Physical Social Engineering
Also known as Physical SE, Raxis will create a customized engagement designed to gain physical access to the office environment by taking advantage of employees and security processes. Once physical access is obtained, the test continues with the network environment in order to obtain persistent access electronically. Often a device providing remote access will be planted, or an unattended system may be accessed to allow this connectivity. Simulated data exfiltration will be performed to demonstrate the potential impact to target systems.

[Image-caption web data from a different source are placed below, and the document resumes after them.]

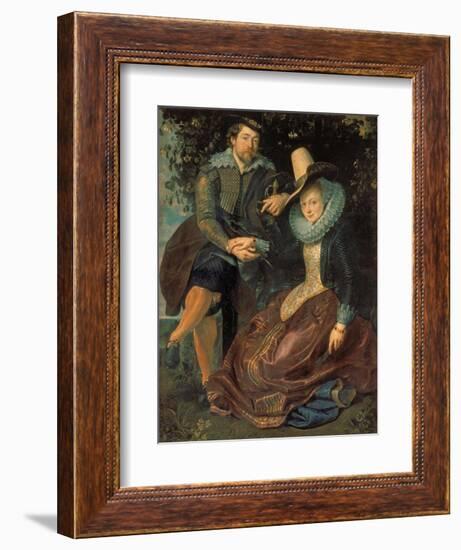 Rubens Und Isabella Brant in a Honeysuckle Bower, about 1609-Peter Paul Rubens-Framed Giclee Print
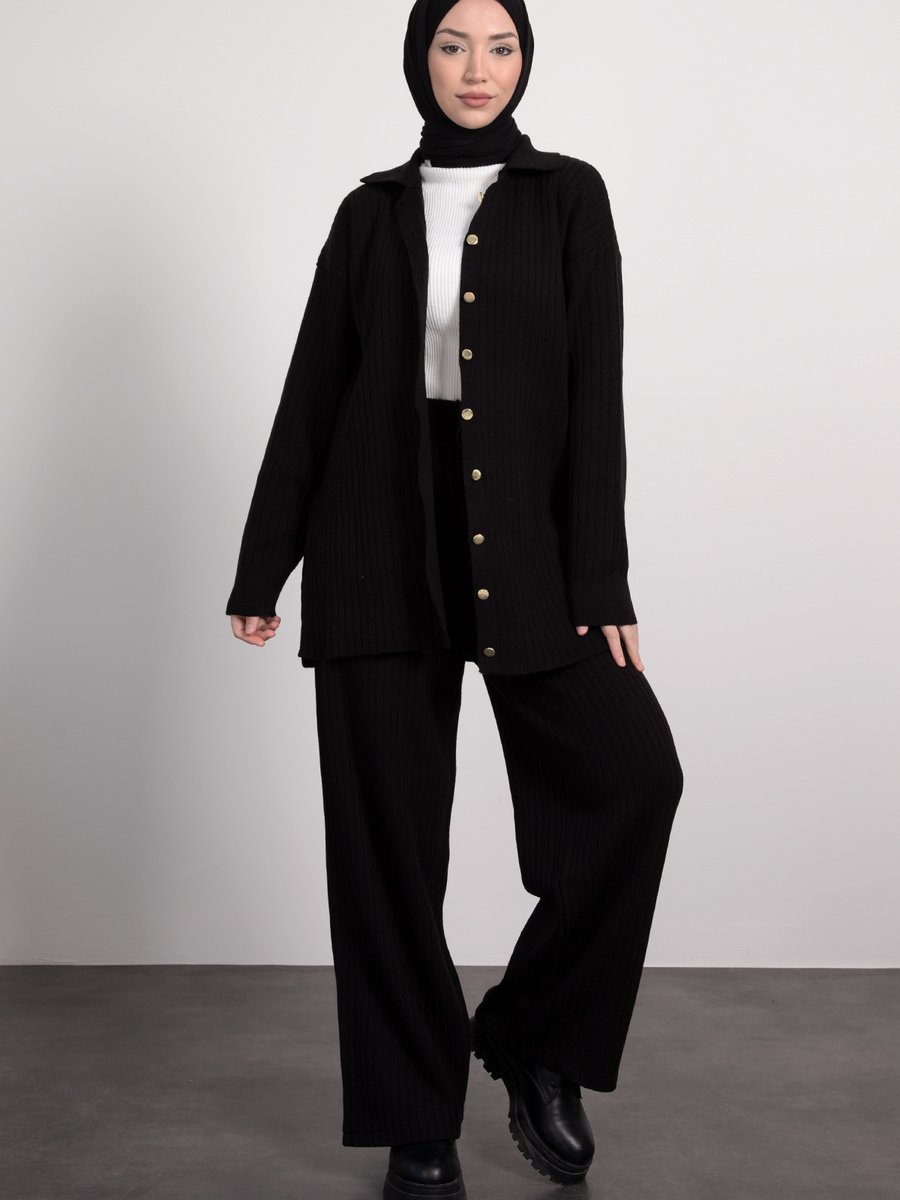 Lamia Giyim Gold Düğmeli Çizgili Dokuma Triko Takım Siyah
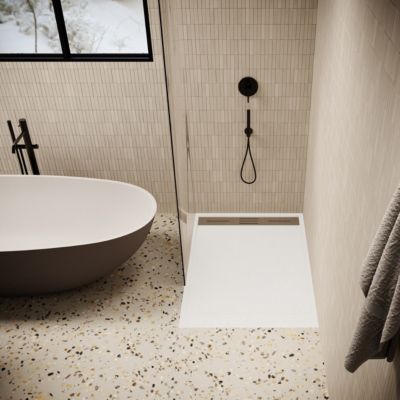 Receveur de douche 80 x 100 cm extra plat LUCIA en SoliCast surface ardoisee blanc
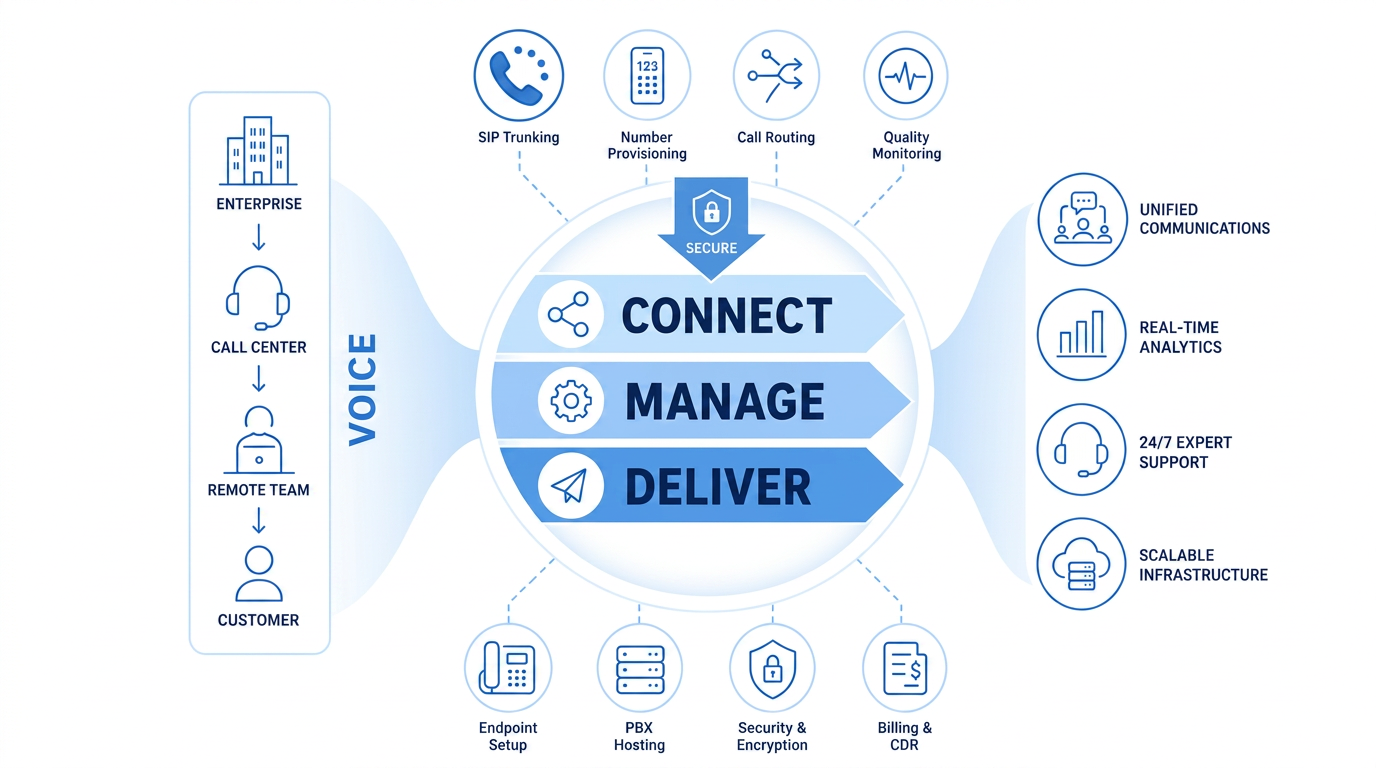 Typical VoIP Value Chain diagram showing enterprise inputs, connect/manage/deliver flow, and outcomes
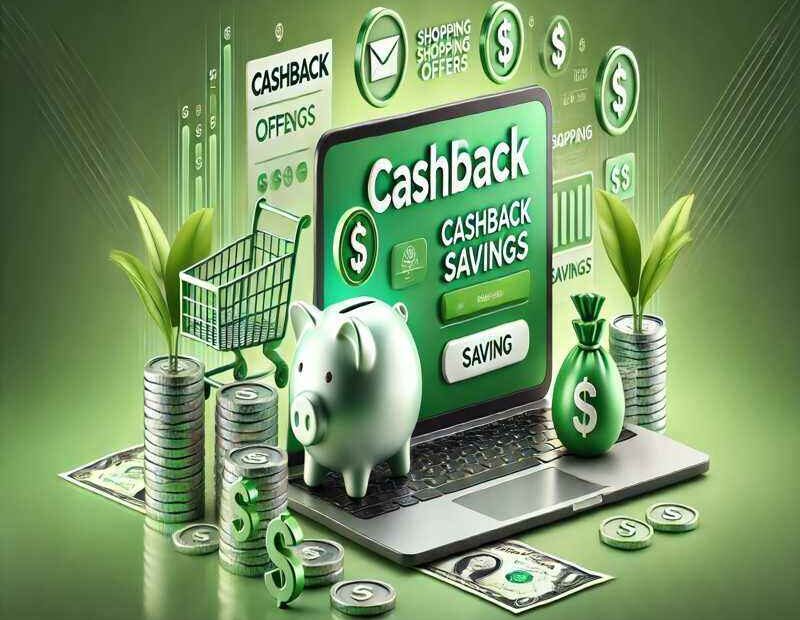 Cashback platform called 'MyGreenBucks' shown on a laptop screen in green and white. The screen displays cashback deals and savings info. Surrounding the laptop are a piggy bank, coin stacks, dollar signs, and small plants, symbolizing savings and growth. The background is green, giving a money-saving vibe.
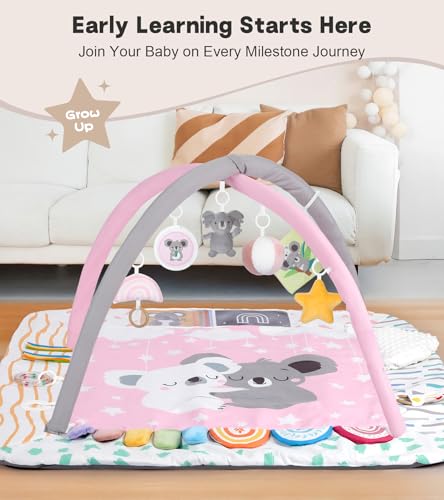 Baby Play Mat Activity Gym, 6 Developmental Zones Tummy Time Mat, 6 Detachable Sensory Toys and Educational Cards, Essential Baby Shower Set, Pink Koala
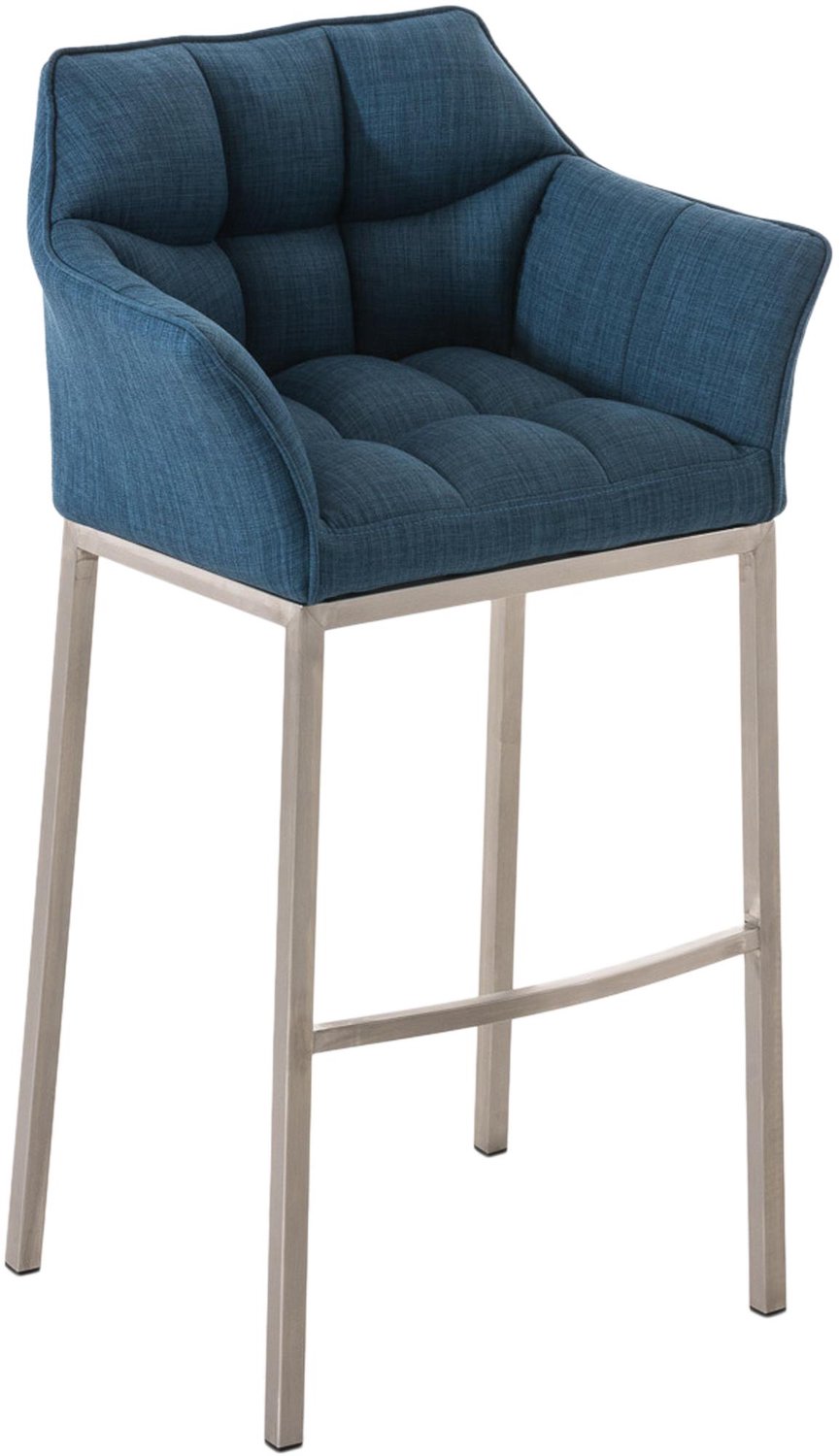 Luxe Comfort Barkruk - Stof - Blauw roestvrij staal/blauw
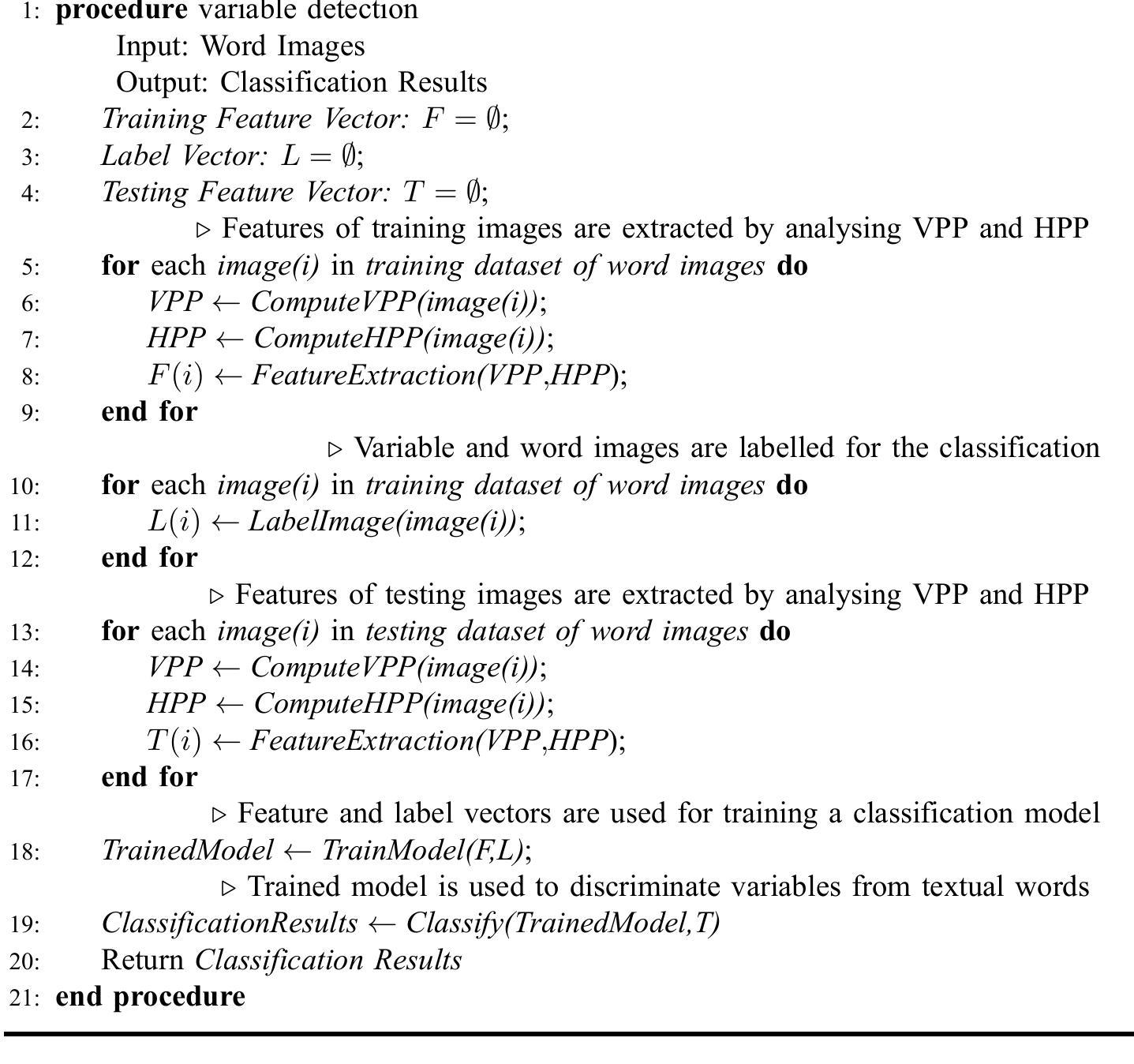 Algorithm 1 Algorithm of detecting variable from document images 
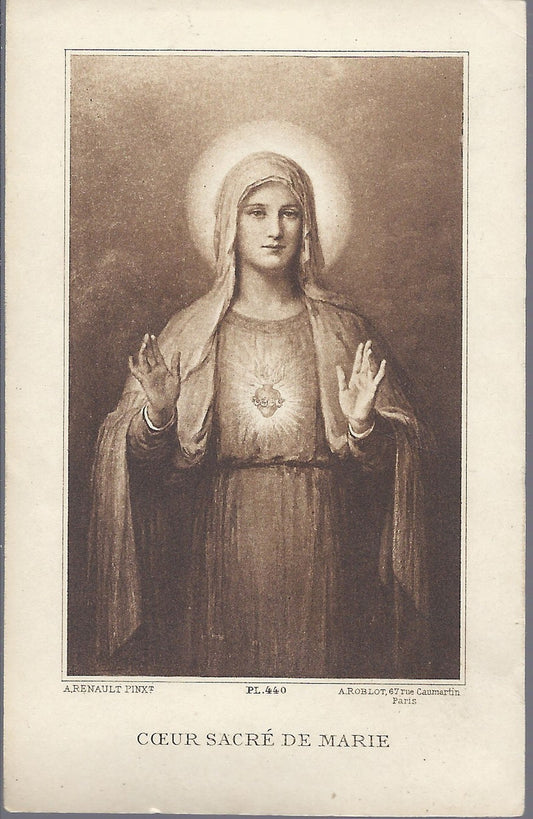 COEUR SACRE' DE MARIE - SANTINO  HOLY CARD - AS015-387 
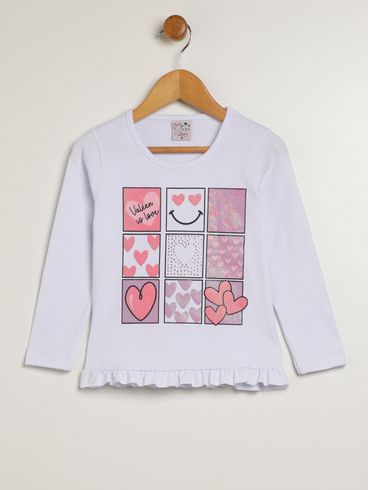 Blusa Manga Longa Infantil Para Menina - BRANCO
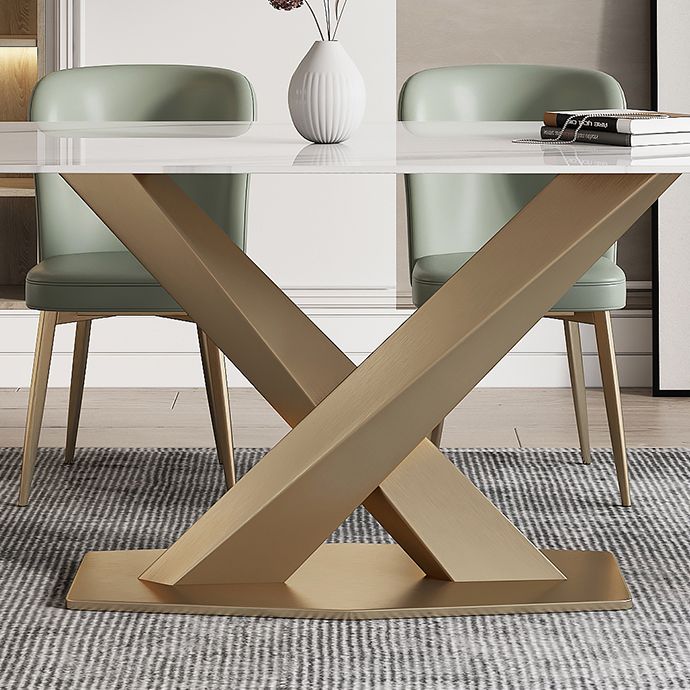 Traditional Luxury Sintered Stone Top Dining Table Rectangle Table in White with Gold Pedestal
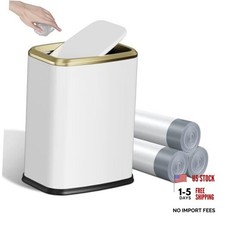 8L/2.1 Gallon Small Bathroom Trash Can with Lid, Swing-Top Rectangular White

If scoped, Raxis will utilize this obtained access to perform a full internal penetration test and gain complete access to the customer network.
Email & Spear Phishing
While one of the most common methods of social engineering, email attacks are still one of the most effective. Raxis will craft a customized email designed specifically for the target organization with the goal of obtaining login credentials or other critical information. Data obtained from this activity will be leveraged for a covert remote penetration test of the customer network if desired.
Depending on the goals of the engagement, Raxis also may utilize spear phishing techniques to convince a select person to comply with our nefarious requests. Spear phishing may go beyond email and utilize phone or social media in order to increase credibility.
Also known as phone phishing or voice phishing, Raxis will call members of your company and attempt to convince them to provide sensitive data. If any data is obtained that can be leveraged for further attacks, an attempt will be made to pivot to other systems. This is an excellent situational security test for your employees and will expose gaps in process and awareness.
Any data obtained from this activity may be forwarded to a covert penetration test if scoped by the customer.